**WORK TO COMPLETE**
In the entries below, begin at the line that has "So here we have", stop after the line that has "Instead of writing", and output those lines exactly with no pictures.

**ENTRIES SUPPLIED**
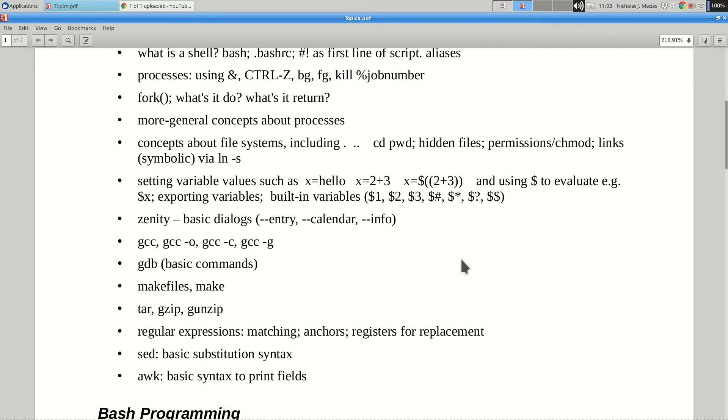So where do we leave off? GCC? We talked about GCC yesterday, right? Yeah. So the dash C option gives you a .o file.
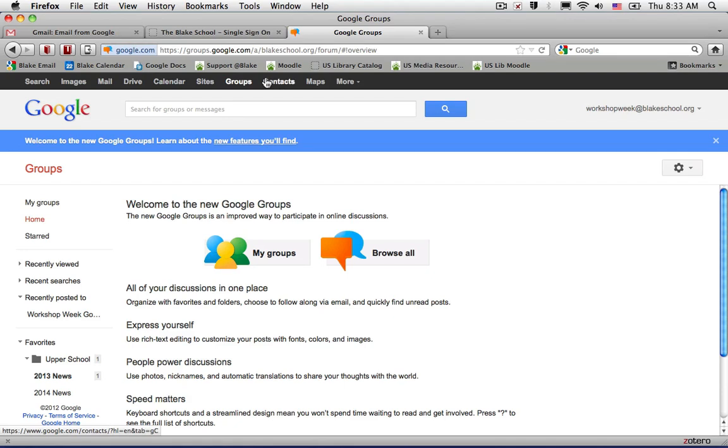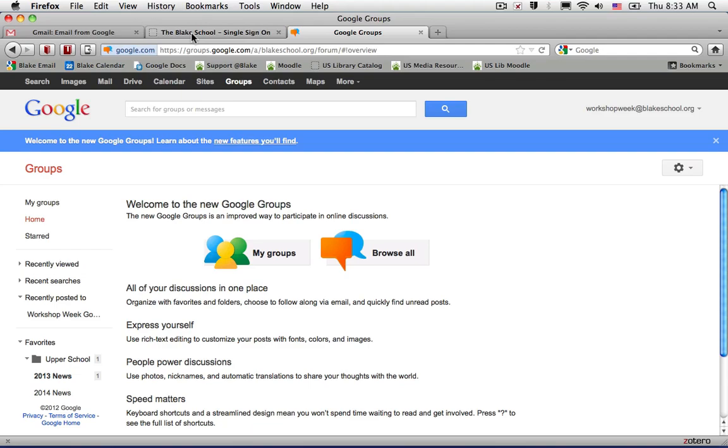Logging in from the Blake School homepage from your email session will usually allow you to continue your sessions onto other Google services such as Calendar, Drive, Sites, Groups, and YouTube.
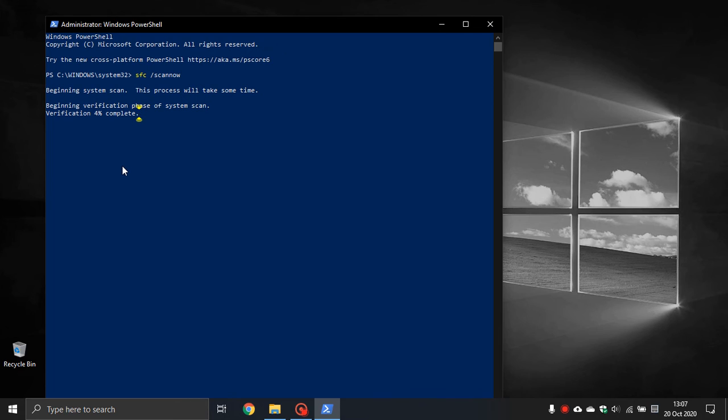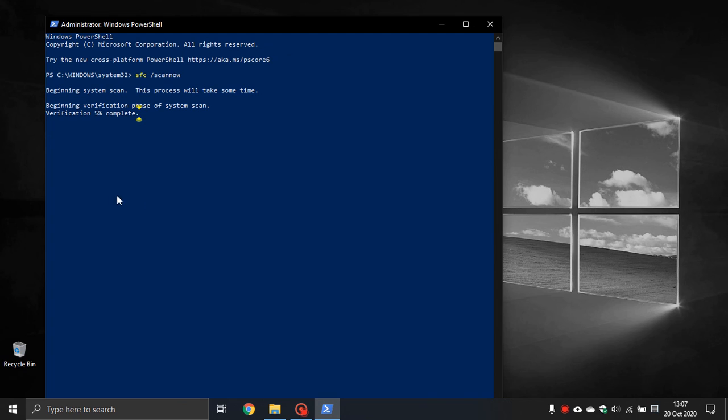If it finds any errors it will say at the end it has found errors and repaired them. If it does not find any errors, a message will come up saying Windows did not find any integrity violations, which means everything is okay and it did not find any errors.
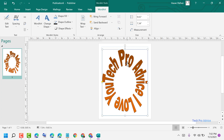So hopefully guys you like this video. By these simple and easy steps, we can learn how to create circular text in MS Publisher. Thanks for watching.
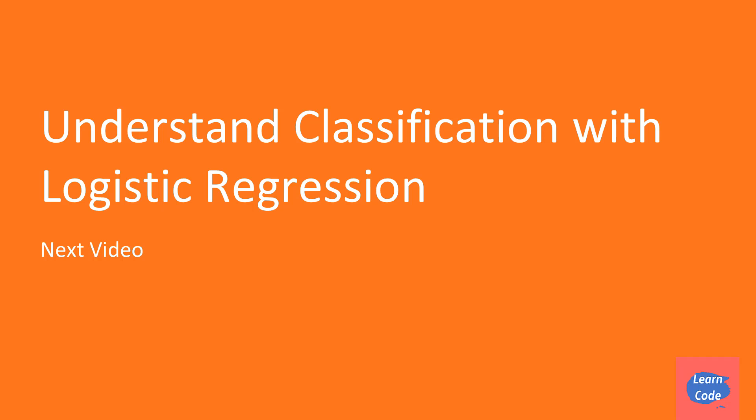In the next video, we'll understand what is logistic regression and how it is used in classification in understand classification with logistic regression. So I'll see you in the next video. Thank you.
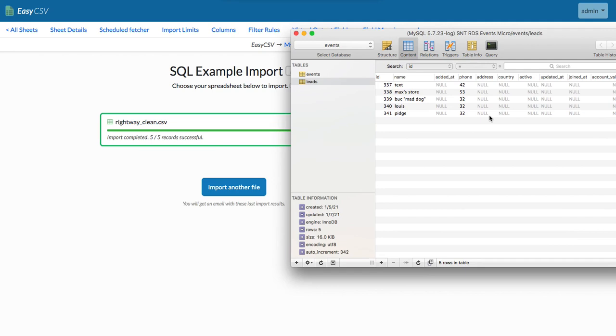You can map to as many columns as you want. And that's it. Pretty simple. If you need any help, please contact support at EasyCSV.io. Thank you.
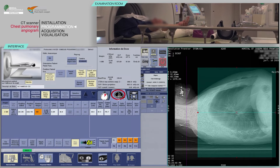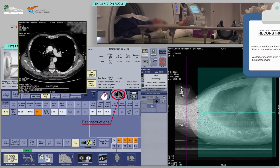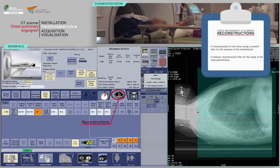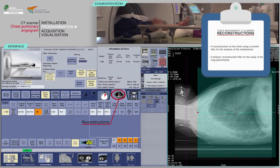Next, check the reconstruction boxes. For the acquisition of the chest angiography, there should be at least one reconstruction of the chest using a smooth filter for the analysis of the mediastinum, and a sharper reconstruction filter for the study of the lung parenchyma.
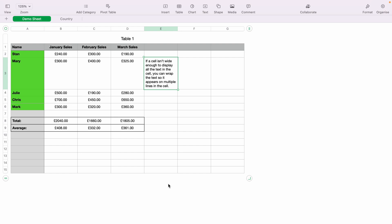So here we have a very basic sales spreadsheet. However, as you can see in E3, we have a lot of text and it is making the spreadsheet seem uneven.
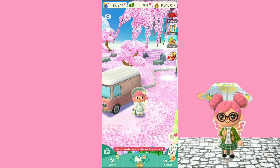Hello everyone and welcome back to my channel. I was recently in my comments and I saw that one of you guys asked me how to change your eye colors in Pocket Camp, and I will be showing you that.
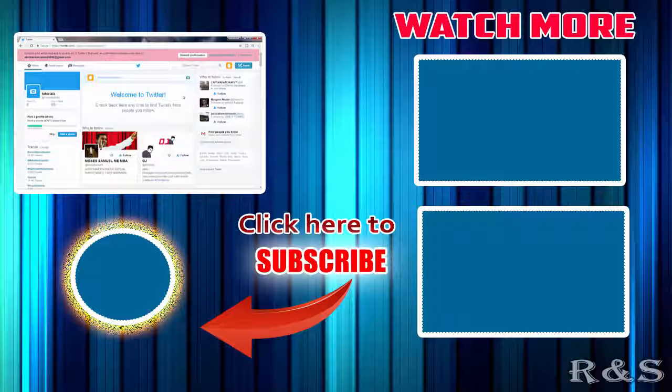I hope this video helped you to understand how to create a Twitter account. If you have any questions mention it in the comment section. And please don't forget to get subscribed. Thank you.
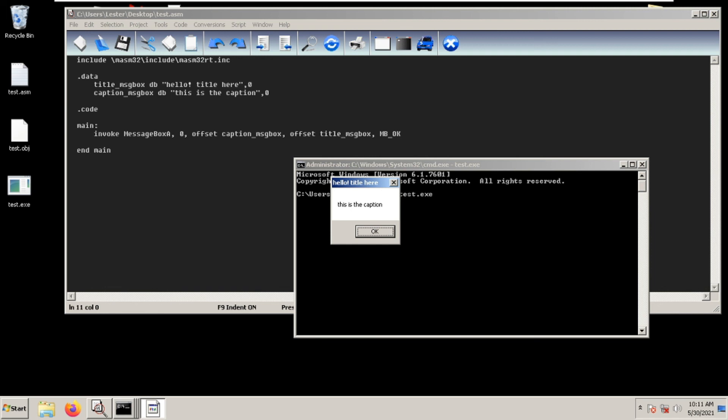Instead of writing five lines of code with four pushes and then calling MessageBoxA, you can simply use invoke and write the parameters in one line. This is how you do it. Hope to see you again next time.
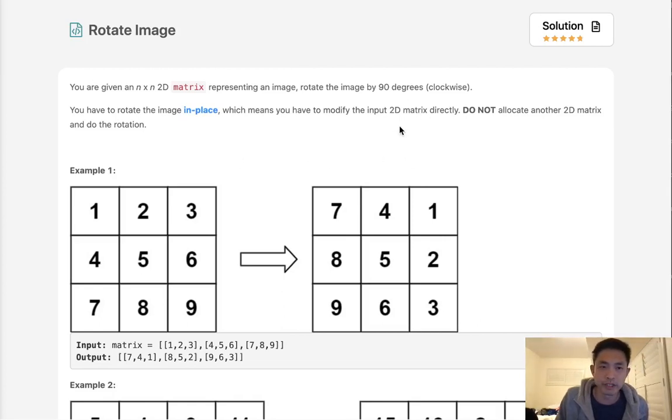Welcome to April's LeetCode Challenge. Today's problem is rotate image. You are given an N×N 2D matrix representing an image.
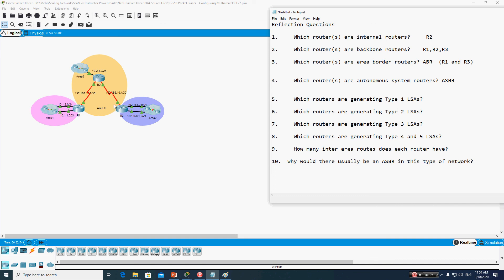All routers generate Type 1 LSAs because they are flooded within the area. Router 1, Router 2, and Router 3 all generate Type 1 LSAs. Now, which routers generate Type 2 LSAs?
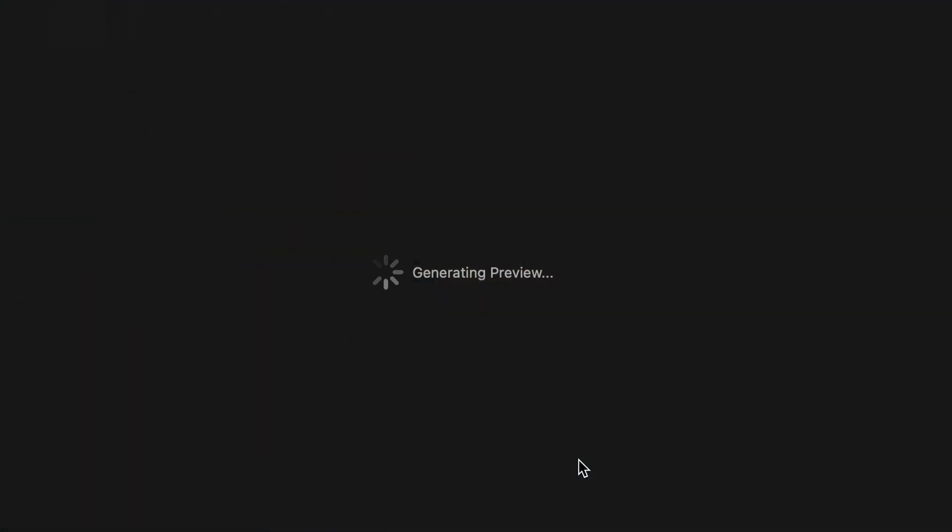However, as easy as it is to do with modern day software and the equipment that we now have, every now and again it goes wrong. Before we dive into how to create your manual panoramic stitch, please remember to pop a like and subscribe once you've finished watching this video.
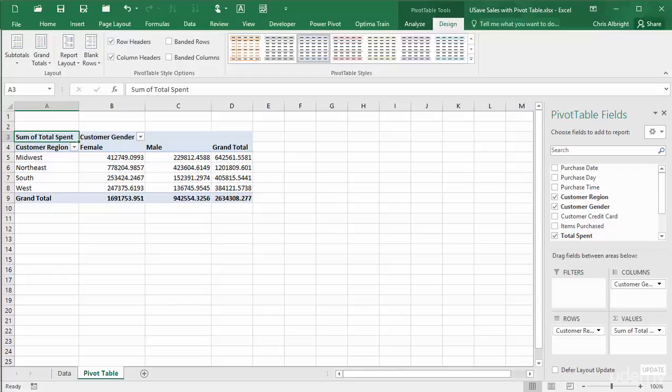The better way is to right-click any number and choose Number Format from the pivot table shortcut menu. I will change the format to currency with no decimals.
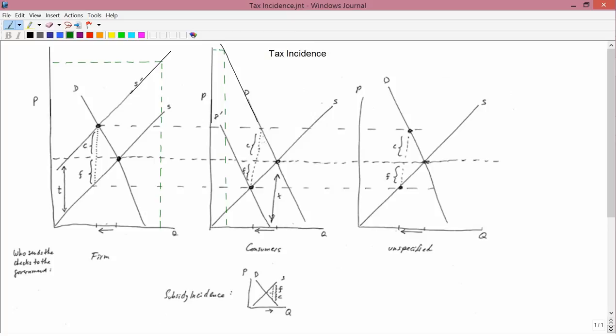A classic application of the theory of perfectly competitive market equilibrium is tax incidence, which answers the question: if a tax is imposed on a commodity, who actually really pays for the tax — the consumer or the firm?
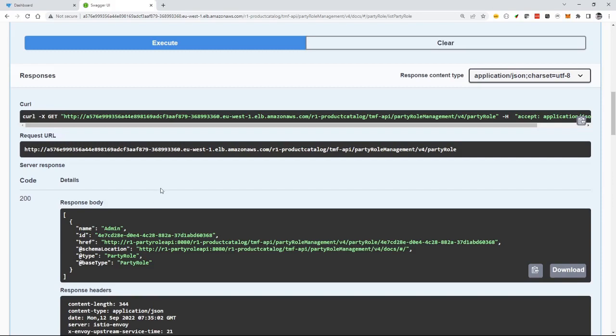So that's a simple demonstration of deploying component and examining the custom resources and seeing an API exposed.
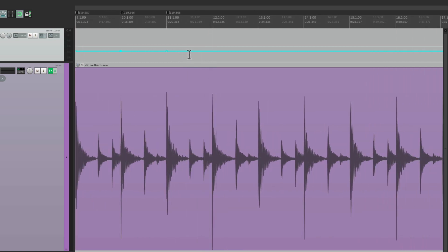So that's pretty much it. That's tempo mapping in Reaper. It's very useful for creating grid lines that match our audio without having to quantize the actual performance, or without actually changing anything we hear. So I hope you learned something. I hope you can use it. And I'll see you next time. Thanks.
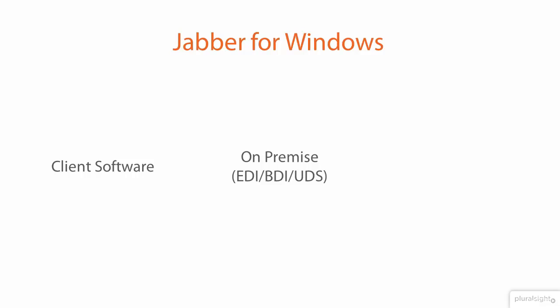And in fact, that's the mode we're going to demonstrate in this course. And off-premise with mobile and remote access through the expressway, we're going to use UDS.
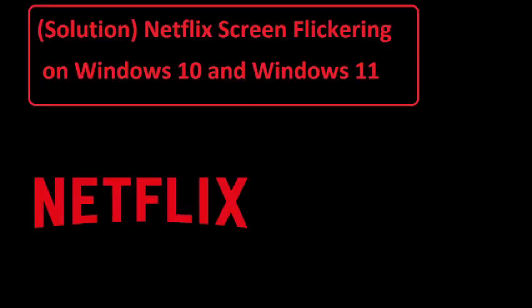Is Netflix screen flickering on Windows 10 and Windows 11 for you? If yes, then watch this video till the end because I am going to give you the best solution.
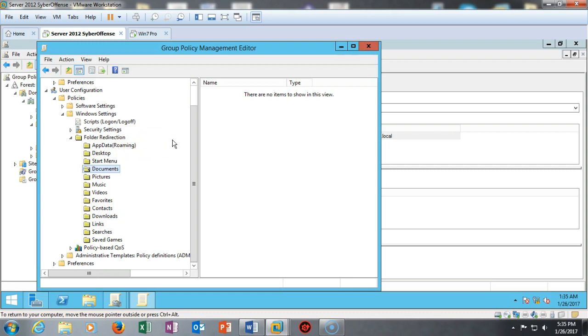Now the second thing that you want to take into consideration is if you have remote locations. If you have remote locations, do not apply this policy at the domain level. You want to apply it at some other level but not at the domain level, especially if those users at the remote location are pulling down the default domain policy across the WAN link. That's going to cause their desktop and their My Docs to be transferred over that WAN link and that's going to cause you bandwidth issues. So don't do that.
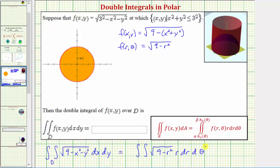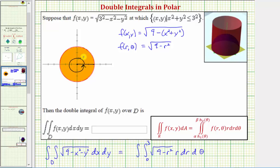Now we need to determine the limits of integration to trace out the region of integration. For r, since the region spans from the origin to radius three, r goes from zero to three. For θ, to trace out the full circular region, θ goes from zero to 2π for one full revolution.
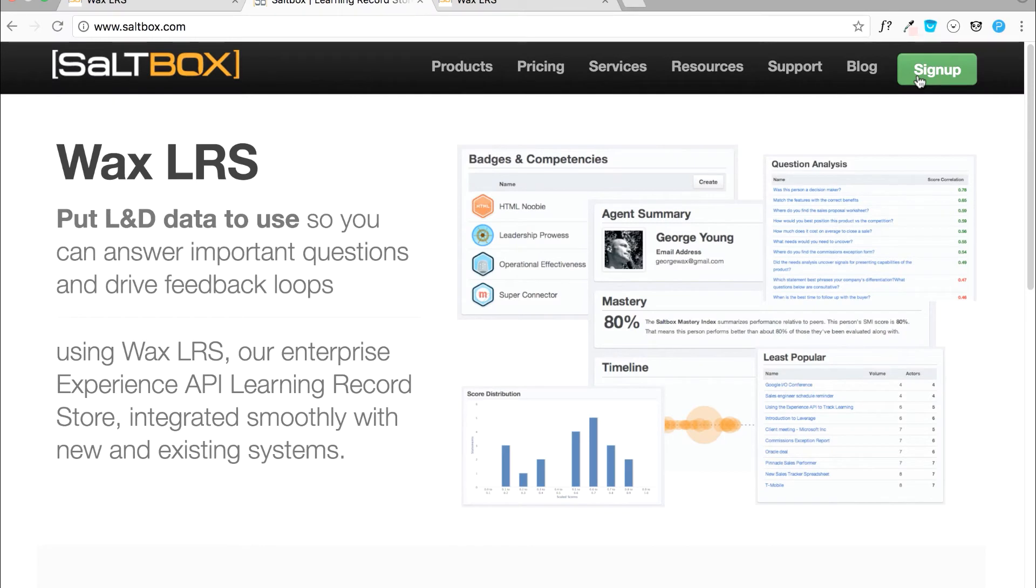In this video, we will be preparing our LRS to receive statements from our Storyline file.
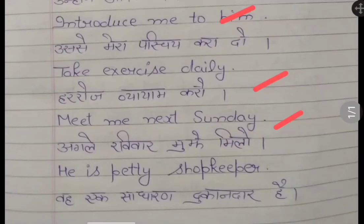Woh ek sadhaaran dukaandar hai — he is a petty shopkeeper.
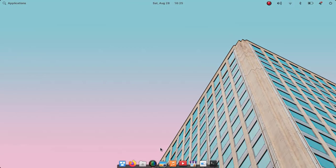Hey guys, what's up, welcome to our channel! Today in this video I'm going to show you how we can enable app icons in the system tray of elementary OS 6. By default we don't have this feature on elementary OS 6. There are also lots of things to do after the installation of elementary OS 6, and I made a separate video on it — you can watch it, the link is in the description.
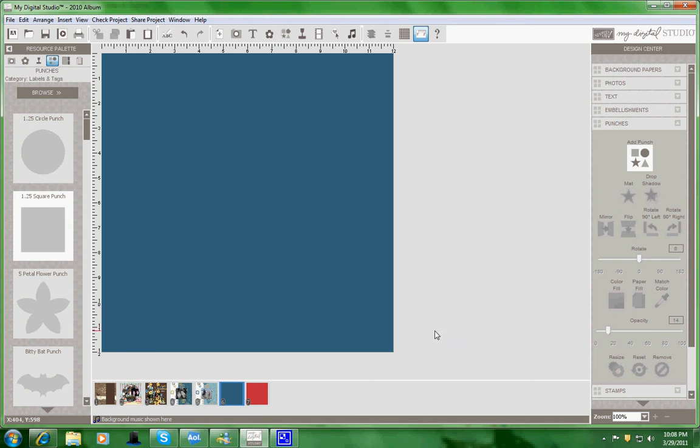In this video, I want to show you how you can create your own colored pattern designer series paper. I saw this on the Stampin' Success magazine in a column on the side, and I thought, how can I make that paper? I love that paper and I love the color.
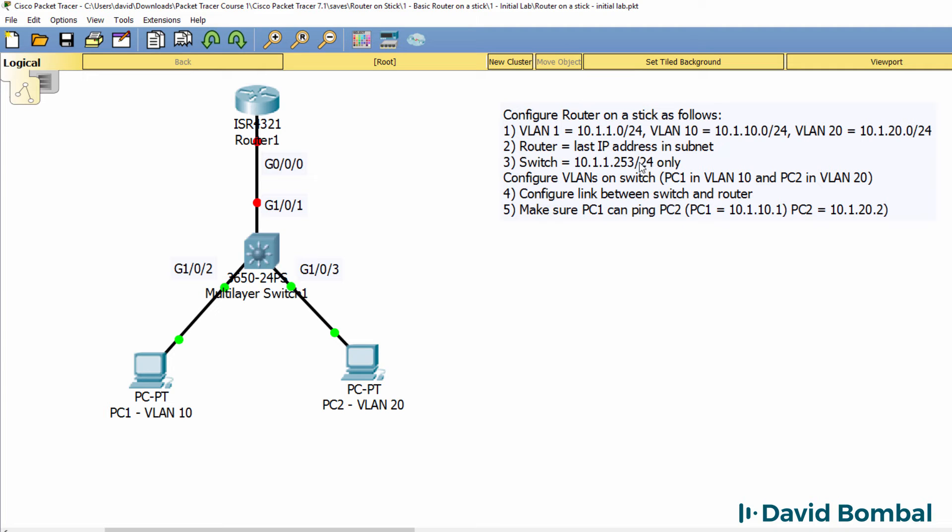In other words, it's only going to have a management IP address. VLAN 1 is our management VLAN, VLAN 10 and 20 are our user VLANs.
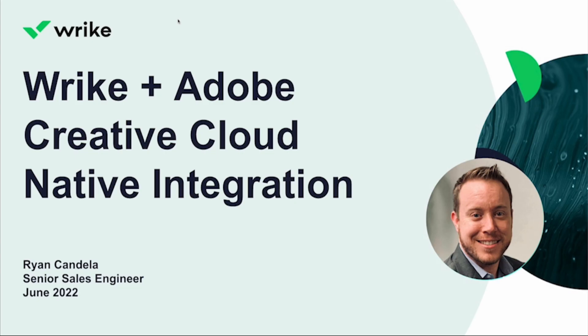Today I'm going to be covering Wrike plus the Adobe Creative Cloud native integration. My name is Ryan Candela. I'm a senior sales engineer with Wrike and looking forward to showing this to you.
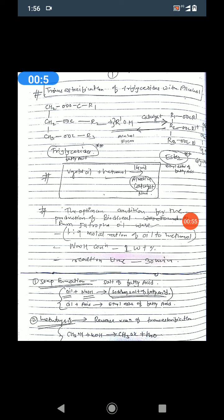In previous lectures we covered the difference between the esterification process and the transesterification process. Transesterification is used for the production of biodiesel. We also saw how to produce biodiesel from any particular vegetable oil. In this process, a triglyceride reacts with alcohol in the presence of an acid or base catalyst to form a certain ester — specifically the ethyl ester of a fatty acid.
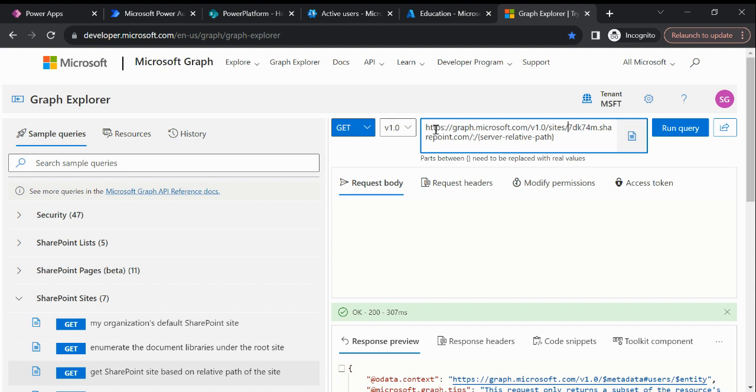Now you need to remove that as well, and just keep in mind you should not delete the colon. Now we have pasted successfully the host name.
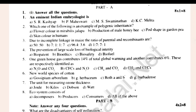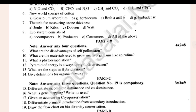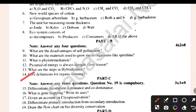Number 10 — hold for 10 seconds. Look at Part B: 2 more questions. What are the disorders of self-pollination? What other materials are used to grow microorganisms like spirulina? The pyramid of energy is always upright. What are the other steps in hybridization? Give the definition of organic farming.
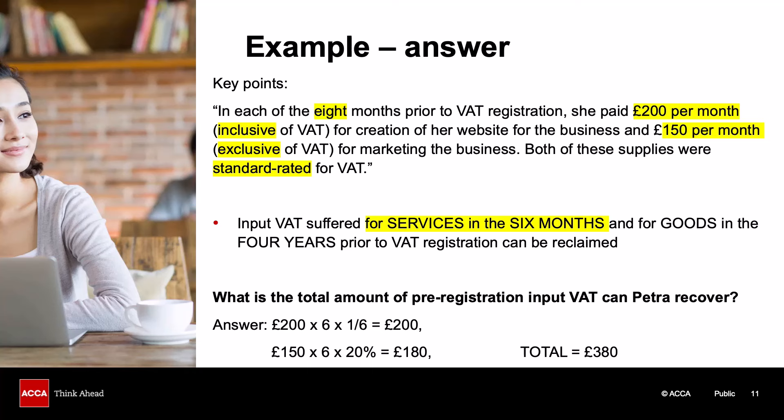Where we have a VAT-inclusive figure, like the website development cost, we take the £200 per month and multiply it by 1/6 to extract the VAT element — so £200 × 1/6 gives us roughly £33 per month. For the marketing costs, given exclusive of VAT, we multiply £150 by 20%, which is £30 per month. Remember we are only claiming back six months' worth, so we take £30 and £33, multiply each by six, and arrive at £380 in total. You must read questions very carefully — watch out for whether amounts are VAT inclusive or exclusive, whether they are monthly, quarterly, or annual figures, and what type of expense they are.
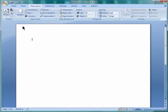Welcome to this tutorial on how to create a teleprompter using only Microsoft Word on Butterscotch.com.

**FINAL ANSWER**
So here we have a very basic sales spreadsheet. However, as you can see in E3, we have a lot of text and it is making the spreadsheet seem uneven.
Hello everyone and welcome back to my channel. I was recently in my comments and I saw that one of you guys asked me how to change your eye colors in Pocket Camp, and I will be showing you that.
I hope this video helped you to understand how to create a Twitter account. If you have any questions mention it in the comment section. And please don't forget to get subscribed. Thank you.
Instead of writing five lines of code with four pushes and then calling MessageBoxA, you can simply use invoke and write the parameters in one line. This is how you do it. Hope to see you again next time.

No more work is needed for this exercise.